(Scraped caption text data)

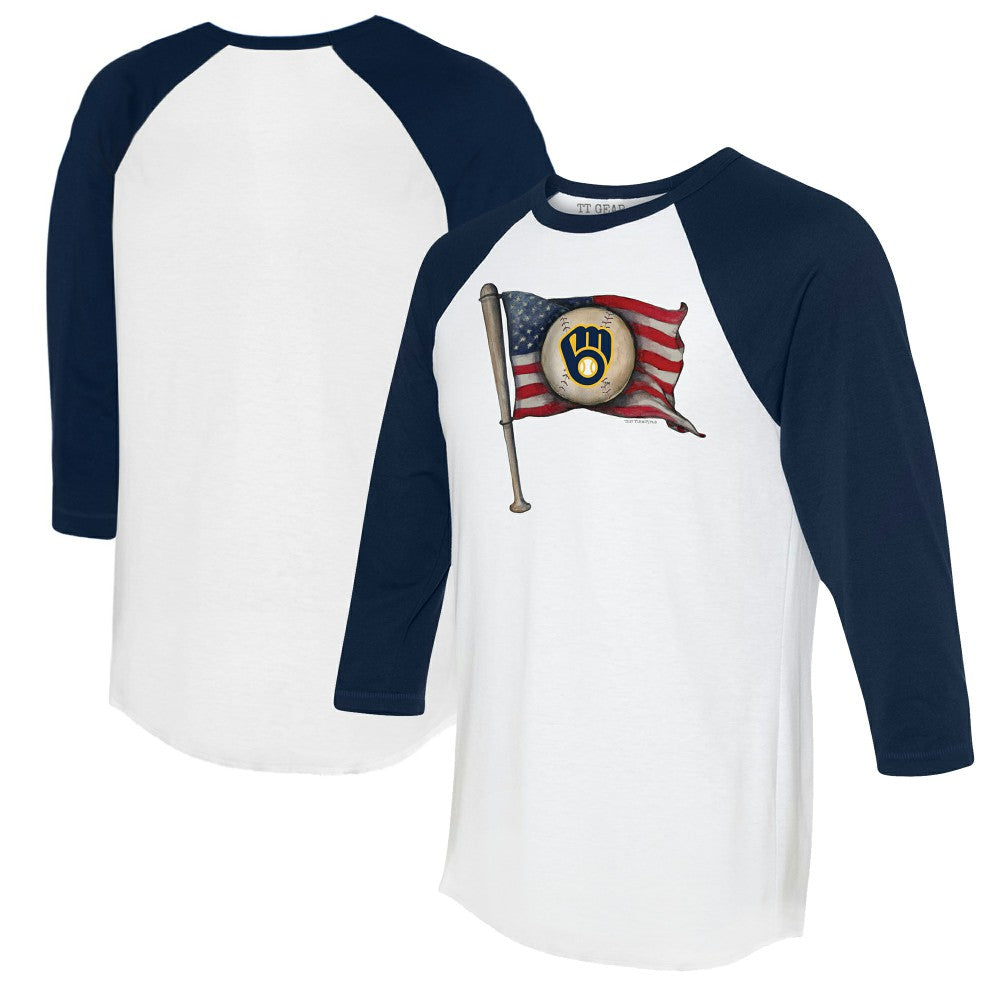 Milwaukee Brewers Tiny Turnip Women's Baseball Flag 3/4-Sleeve Raglan T-Shirt White/Navy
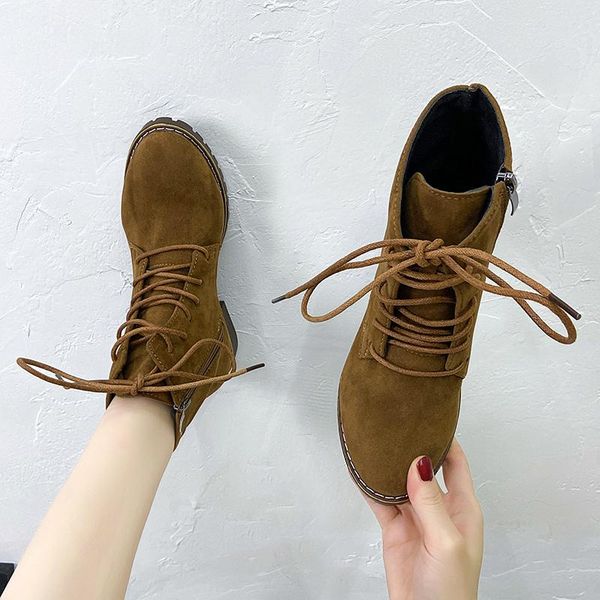 

boots shoes woman 2021 short thick with wind plush women ankle heels dames botas zapatillas mujer, Black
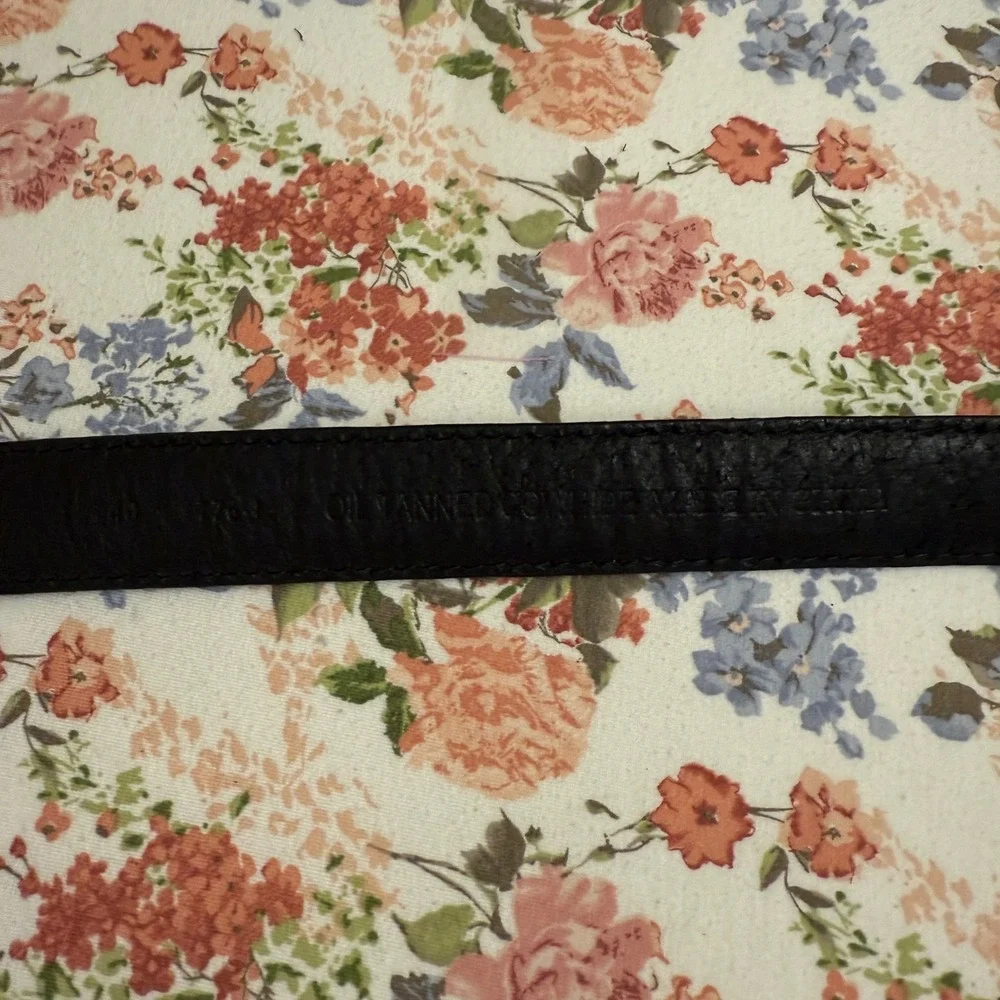 Mens Oil Cow Hide Black Leather Dress Belt Laced‎ Size 40 Silver Buckle Classic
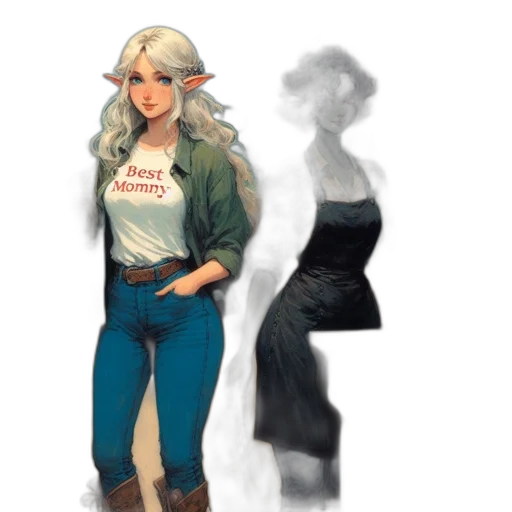 jacket, dress, concept art, comic book art transparent PNG cut-out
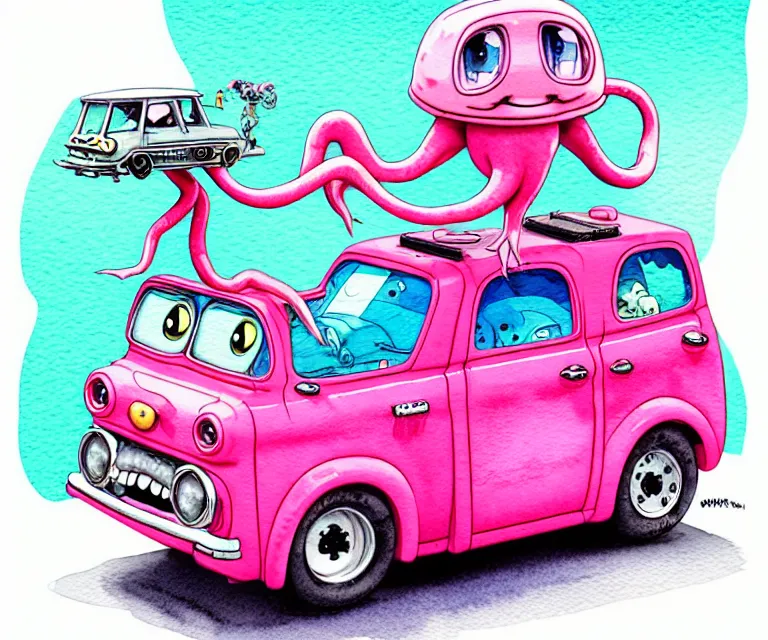 Prompt: cute and funny, pink colored squid wearing goggles riding in a tiny hot rod with oversized engine, ratfink style by ed roth, centered award winning watercolor pen illustration, isometric illustration by chihiro iwasaki, edited by range murata, tiny details by artgerm and watercolor girl, symmetrically isometrically centered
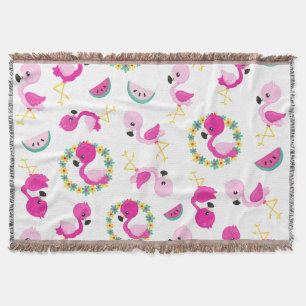 Tropical Pattern, Flamingos, Watermelons, Flowers Throw Blanket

**Activity**
Once the line containing "boots shoes woman" is found, copy it and each line after it through the end of the entries above exactly; nothing else, and no pictures.

**Task result**
boots shoes woman 2021 short thick with wind plush women ankle heels dames botas zapatillas mujer, Black
 Mens Oil Cow Hide Black Leather Dress Belt Laced‎ Size 40 Silver Buckle Classic
 jacket, dress, concept art, comic book art transparent PNG cut-out
 Prompt: cute and funny, pink colored squid wearing goggles riding in a tiny hot rod with oversized engine, ratfink style by ed roth, centered award winning watercolor pen illustration, isometric illustration by chihiro iwasaki, edited by range murata, tiny details by artgerm and watercolor girl, symmetrically isometrically centered
 Tropical Pattern, Flamingos, Watermelons, Flowers Throw Blanket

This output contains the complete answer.